Data for review: Begin

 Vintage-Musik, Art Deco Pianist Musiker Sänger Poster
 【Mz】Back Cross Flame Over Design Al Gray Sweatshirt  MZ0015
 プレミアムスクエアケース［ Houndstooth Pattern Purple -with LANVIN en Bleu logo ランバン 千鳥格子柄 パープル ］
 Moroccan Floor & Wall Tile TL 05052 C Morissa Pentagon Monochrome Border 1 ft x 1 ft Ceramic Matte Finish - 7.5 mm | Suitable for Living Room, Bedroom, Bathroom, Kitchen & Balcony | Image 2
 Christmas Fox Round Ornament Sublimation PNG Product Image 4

Data for review: End
Data for review: Begin

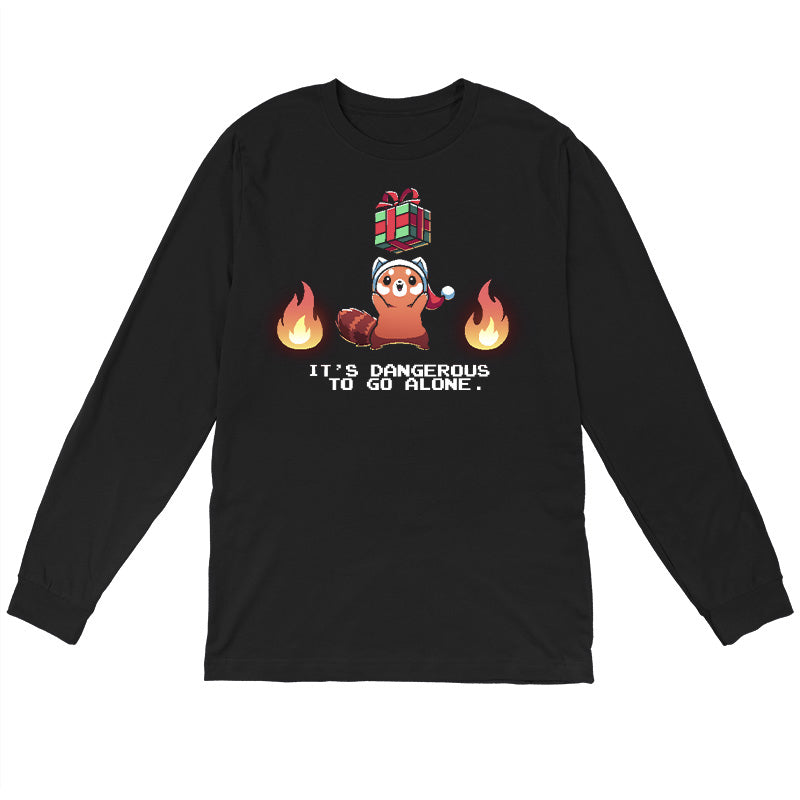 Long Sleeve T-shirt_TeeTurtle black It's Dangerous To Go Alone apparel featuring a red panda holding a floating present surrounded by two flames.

Data for review: End
Data for review: Begin

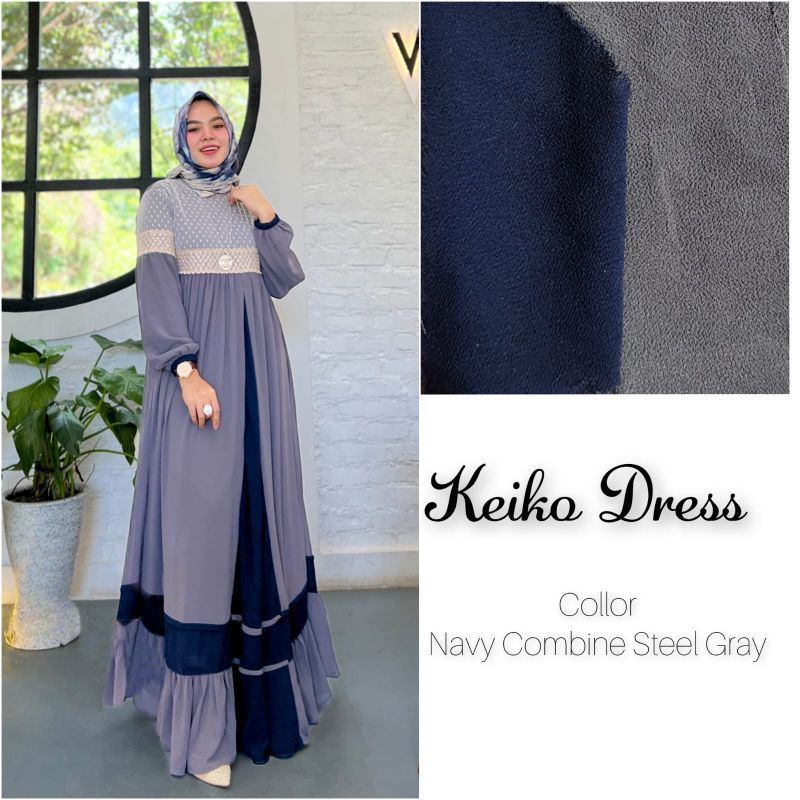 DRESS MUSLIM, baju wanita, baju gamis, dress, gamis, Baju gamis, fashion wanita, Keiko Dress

Data for review: End

# Problem description:
Which lines above run from the one containing "Vintage-Musik, Art Deco" down to the one containing "Christmas Fox Round"? Repeat exactly those, both ends included, and nothing else.

# Problem solution:
 Vintage-Musik, Art Deco Pianist Musiker Sänger Poster
 【Mz】Back Cross Flame Over Design Al Gray Sweatshirt  MZ0015
 プレミアムスクエアケース［ Houndstooth Pattern Purple -with LANVIN en Bleu logo ランバン 千鳥格子柄 パープル ］
 Moroccan Floor & Wall Tile TL 05052 C Morissa Pentagon Monochrome Border 1 ft x 1 ft Ceramic Matte Finish - 7.5 mm | Suitable for Living Room, Bedroom, Bathroom, Kitchen & Balcony | Image 2
 Christmas Fox Round Ornament Sublimation PNG Product Image 4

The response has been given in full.